Re: [thredds] How to create / load aggregation cache

To: Jordi Domingo Ballesta <jordi.domingo@lobelia.earth>
Subject: Re: [thredds] How to create / load aggregation cache
From: Michael McDonald <mcdonald@xxxxxxxxxxxxx>
Date: Fri, 30 Jun 2023 17:39:03 -0400
Jordi,
We use Nagios (the free "Core" release that comes with most Linux
distros) to continuously check/trigger the "1st access" penalty of our
HYCOM.org datasets that change or have expired caches for our THREDDS
servers (https://tds.hycom.org/thredds). We check/touch each dataset's
OPENDAP access/form pages, and the NCSS forms, i.e., the point at
which the dataset has been successfully scanned and is ready for
access. To account for some datasets that take longer than others to
index/scan we allow for up to 1200 seconds to complete. The advantage
of Nagios is that it will keep trying if there is a
critical/warning/timeout. When the dataset is finally indexed and
available for use the Nagios response will be "Green across the board"
and will take milliseconds to respond. Nagios is also useful for
checking a lot of other server services (tomcat, memory, CPU, etc).

e.g.,
nagios custom command name: long_check_http
$USER1$/check_http -H $HOSTNAME$ -w 300 -c 600 -t 1200 $ARG1$

service name:
long_check_http!-u /thredds/dodsC/GLBy0.08/expt_93.0/ssh.html

Nagios requesting this "OPeNDAP Dataset Access Form" page will trigger
(and wait) for this to complete and then return a status of OK. If
there are datasets that return CRITICAL or WARNING after a few minutes
then that is a sign of some other system issue, e.g., disk/NFS I/O,
misconfiguration, etc.

$ /usr/lib64/nagios/plugins/check_http -H tds.hycom.org -w 300 -c 600
-t 1200 -u /thredds/dodsC/GLBy0.08/expt_93.0/ssh.html
HTTP OK: HTTP/1.1 200 200 - 19245 bytes in 0.053 second response time
|time=0.052748s;300.000000;600.000000;0.000000 size=19245B;;;0


https://tds.hycom.org/thredds/dodsC/GLBy0.08/expt_93.0/ssh.html


Regarding your large dataset issue, I'd advise you give the FMRC
feature of THREDDS a try but only use this on the "incoming"
(new/changing) parts of the dataset. We do this for the incoming
forecast data (a separate folder) and then flatten/keep only the parts
needed to add/extend to our existing time series, e.g., we have daily
forecast runs that go from hour t000 to t180, which the FMRC can
easily handle, combine, and merge, but we only copy (keep/save) the
t000~t023 files so that we do not have time index duplicates/overlap
in the main/growing dataset aggregations.

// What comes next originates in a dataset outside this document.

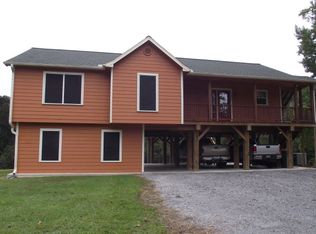 130 Ridge St, Rose Hill Acres, TX 77657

The trick is to have THREDDS only scan/index the parts that are
changing. The parts that do not change should be scanned once and the
cache file preserved until it expires (you specify this in the
config).  You could do this a number of ways. We do this typically "by
year" where the datasetScan touching the current/active 2023 data and
the joinExisting aggregation has a "recheckEvery="60 min", which
THREDDS keys on to determine if X time has passed since the last index
to determine if a re-index on a Tomcat restart is needed (note: a
quick tomcat restart/bounce is the only way we can "reliably" trigger
a dataset update when new data arrives). The other years older than
2023 are not getting updated, so they do not have the "recheckEvery"
set for their joinExisting aggregations.

e.g., side-note: do not use "backslashes" or other special chars in
your dataset "ID" values, as this will produce weird cache issues
(learned this the hard way). The dataset ID is global (no duplicates)
but this is the key (the fiename) used for creating/keeping the agg
cache files under /var/lib/tomcat/content/thredds/cache/agg. The
"urlPath" is the part used to access from the web UI and for use when
"combining" multiple aggregations into a top "dataset" aggregation.
e.g., each "/thredds/dodsC/GOMu0.04/expt_90.1m000/data/hindcasts/YYYY"
is an independently scanned/cached dataset (an OPENDAP object) that
can be reused again in another joinExisting or unions. NOTE that union
operations do not produce an agg cache file.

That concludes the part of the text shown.